Lab 2: Estimate Real-Time Audio Capacity

Estimate required replicas from concurrent streams, model cost per audio second, per-replica serving capacity, utilization target, and VAD savings.

Hidden answer: invariant, tests, and Python solution

Invariant: real-time streams produce audio work every wall-clock second, reduced only by silence skipping or routing. Test zero streams, no VAD savings, invalid utilization, invalid negative inputs, nonpositive replica capacity, and very large peaks.

import math


def estimate_replicas(concurrent_streams, gpu_seconds_per_audio_second,
                      replica_capacity=1.0, target_utilization=0.7,
                      vad_savings=0.0):
    if not 0 < target_utilization <= 1:
        raise ValueError("target_utilization must be in (0, 1]")
    if not 0 <= vad_savings < 1:
        raise ValueError("vad_savings must be in [0, 1)")
    if replica_capacity <= 0:
        raise ValueError("replica_capacity must be positive")
    if concurrent_streams < 0:
        raise ValueError("concurrent_streams must be non-negative")
    if gpu_seconds_per_audio_second < 0:
        raise ValueError("gpu_seconds_per_audio_second must be non-negative")
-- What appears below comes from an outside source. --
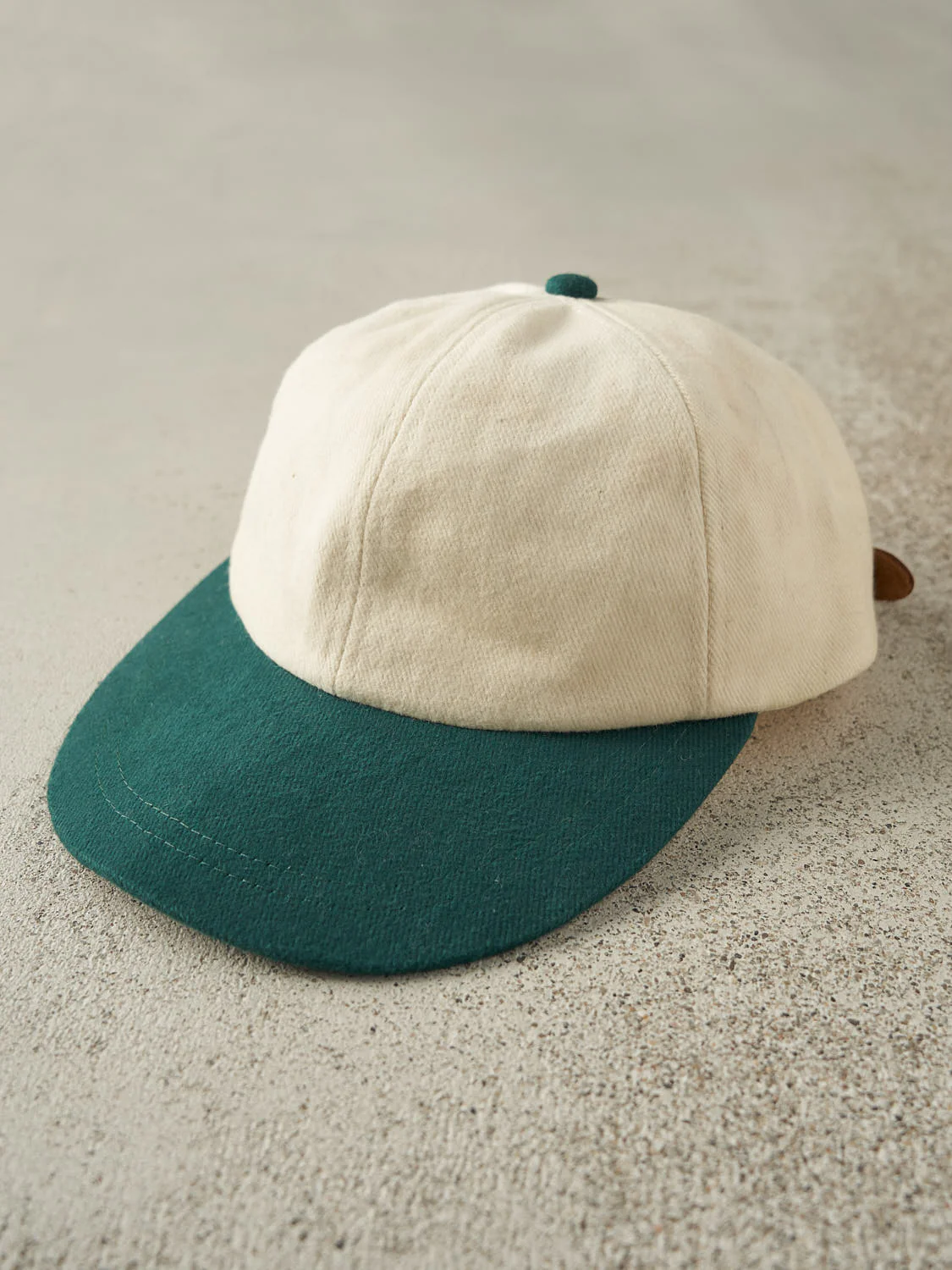 Vintage 80s Beige & Green Strapback (O/S) - Image 2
    effective_audio_seconds = concurrent_streams * (1 - vad_savings)
    gpu_seconds_needed = effective_audio_seconds * gpu_seconds_per_audio_second
    usable_capacity = replica_capacity * target_utilization
    return math.ceil(gpu_seconds_needed / usable_capacity)

Exam Checks

Short Prompts With Hidden Answers

Prompt 1: Rollback Versus Hotfix

When should a ML engineer roll back immediately instead of debugging in place?

Hidden answer

Roll back when user harm, privacy risk, SLO breach, critical slice regression, data corruption, runaway cost, or unrecoverable queue growth exceeds the launch budget. Debug after stabilizing unless the rollback itself would create larger risk.

Prompt 2: Why RAG Evaluation Is Different For Spoken Queries

Explain why a text-only RAG eval can miss voice assistant failures.

Hidden answer

Spoken queries include ASR substitutions, punctuation loss, entity errors, disfluencies, approved aggregate pronunciation-variation slices, language switches, endpointing mistakes, and rewritten partials. Evaluate clean text, final ASR, noisy ASR, and streaming partial paths separately.